The church was one of the few places in 1980s Bangor where gays and lesbians felt they could be open about their sexuality. For example, Kay Wilkins, a lesbian, was out at church but not at Bangor High School, where she was a special education teacher.
On the evening of July 7, 1984, Howard had attended a potluck supper at the church. Later that night, about 10:30 p.m., he was walking along State Street in downtown Bangor, arm-in-arm with his friend Roy Ogden. They were going to the Margaret Chase Smith Federal Building on Harlow Street to pick up Howard’s mail from his post office box.
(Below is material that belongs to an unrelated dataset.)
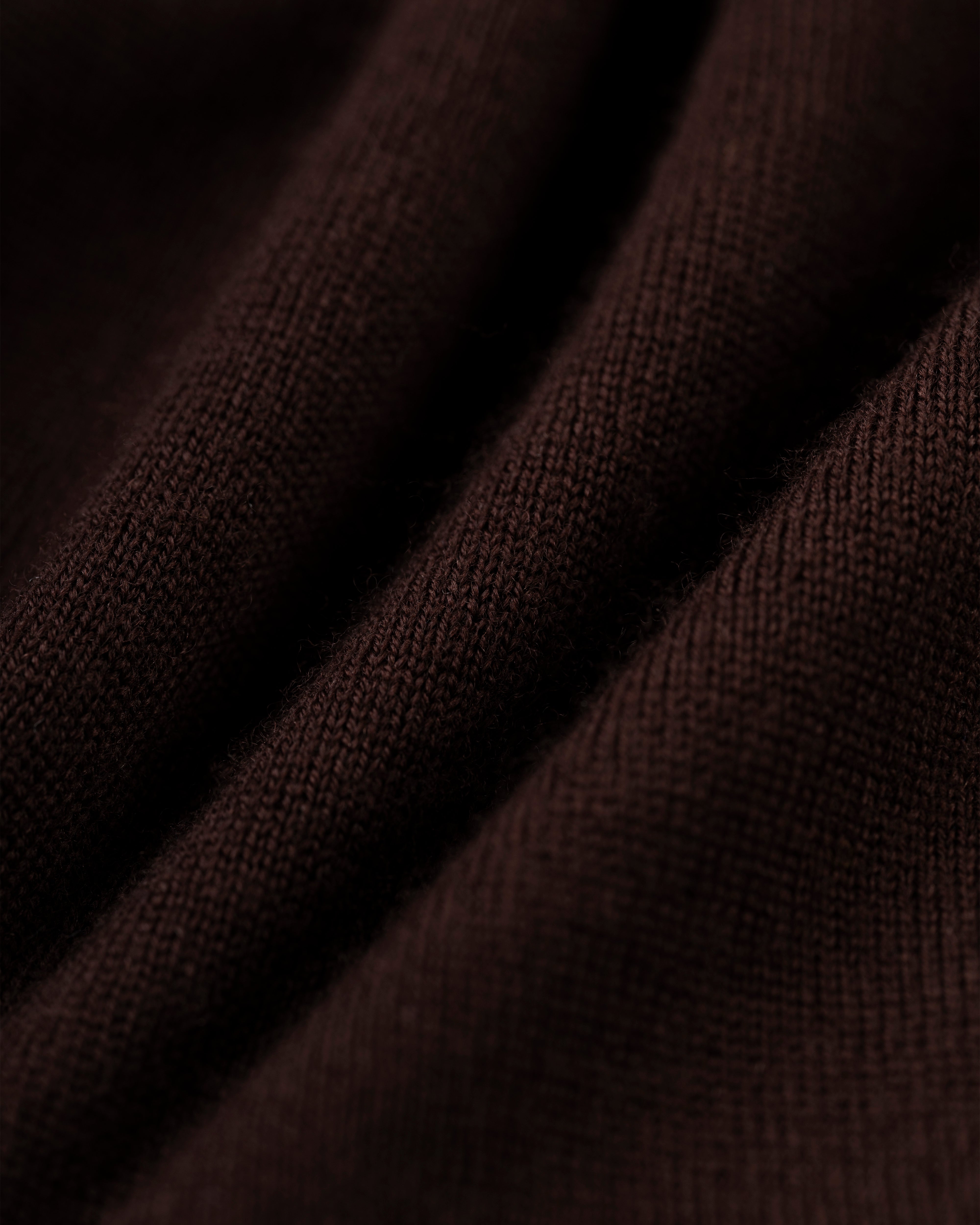 Made-in-Scotland Brown Superfine Merino Wool Sweater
That’s when three young men crossed their path.
The fall from the bridge and into the Kenduskeag Stream (canal) did not kill him directly, but it is believed that the beating and the fall caused Charlie to have an asthma attack, contributing to his eventual drowning. It Chapter Two, will include the victim be depicted as an asthmatic in order to add more of his actual story to the real-life event.
Charlie Howard’s killing was a turning point for the Bangor community, but unfortunately it was actually two turning points. One part of the community went further into the closet or moved away from Bangor while others did take Howard’s death as a point to rally around and try to move forward and upward. This year, the 35th anniversary of his death, Bangor took the time to honor and remember Charlie Howard.
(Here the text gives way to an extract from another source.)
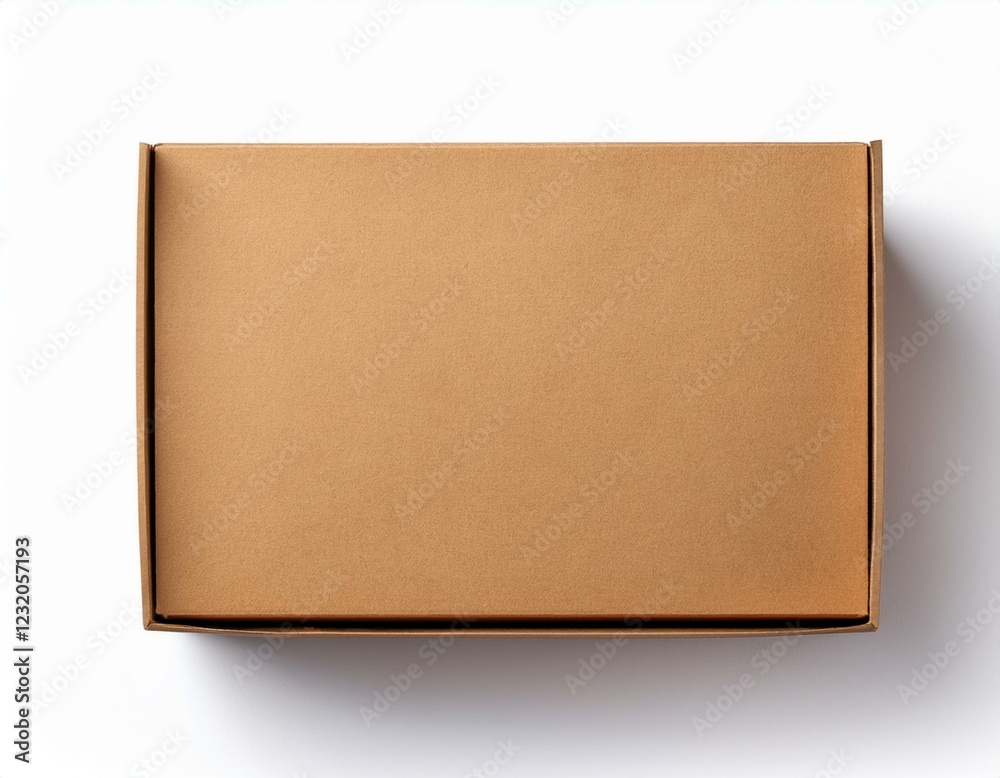 top view of a rectangular brown paper box with a lid isolated on white background top view of a rectangular brown paper box with a lid isolated on white background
It Chapter Two director Andy Muschietti stated:
In King’s original novel, the man, Adrian, survives the fall…but not what’s waiting for him under the bridge: Pennywise the Dancing Clown, who will eat adults in a pinch if and when he gets peckish. Adrian’s boyfriend is helpless to do anything as he sees the demonic entity sink its teeth into his partner and drag him off to his death.
The scene’s important because it establishes the insidious way that Pennywise is able to both amplify and feed off the negative energy that exists within people, but it also speaks to the culture of Derry itself, a town that does have its fair share of homophobic residents.
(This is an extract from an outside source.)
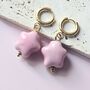 Marshmallow Ceramic Star Huggie Hoops 18ct Gold Plated, thumbnail 2 of 5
“It’s one of the things that really caused a deep impact on Stephen King when he was writing It. So, he decided to include it. Of course, the names are changed, but the beating happened almost exactly like it’s described in the book, and Charlie died in three feet of water in the canal.”
Screenwriter Gary Dauberman described the homophobic attack as “an iconic scene in the book” and said they were adamant it would be featured in the movie.
It is the first attack in present-day Derry and sets the stage for what Derry has become.
It is the influence of Pennywise even while he is hibernating, and it’s pure evil what happens to Adrian. These bullies working through Pennywise was important for us to show. – The Hollywood Reporter
For me, the Charlie Howard event was scary, threatening, and put up more barriers for me being me for many years. In 1984, I was in the 4th grade and knew I was gay. But for many years to follow and I am sure to this day, Chuckahomo Bridge was/is used quite often. In years following 1984, Halloween costumes consisting of men in life jackets were popular as to say if you’re gay, you better be ready to get thrown off a bridge, not just Chuckahomo Bridge, ‘cuz it’s Bangor, Maine. Trying to meet another gay person in the Bangor area would always be laced with thoughts of that hate crime, before hate crimes were hate crimes, 14 years before Matthew Shepard. Even trying to meet men in the mid to late ’90s was something you did with caution and showing affection outside of the only gay bar in Bangor, The Spectrum, was sometimes risky or maybe it was just paranoia. The term even made it to Urban Dictionary in 2008.
It will be a scene in It Chapter Two that will most likely be hard to watch for more reasons than it just being a horror scene and a hate crime, but knowing that it portrays an actual event in anti-LGBT Maine history.
What do you think of Stephen King including a real-life hate crime in his book and now its inclusion in It Chapter Two? Should it be added? Should it be left out?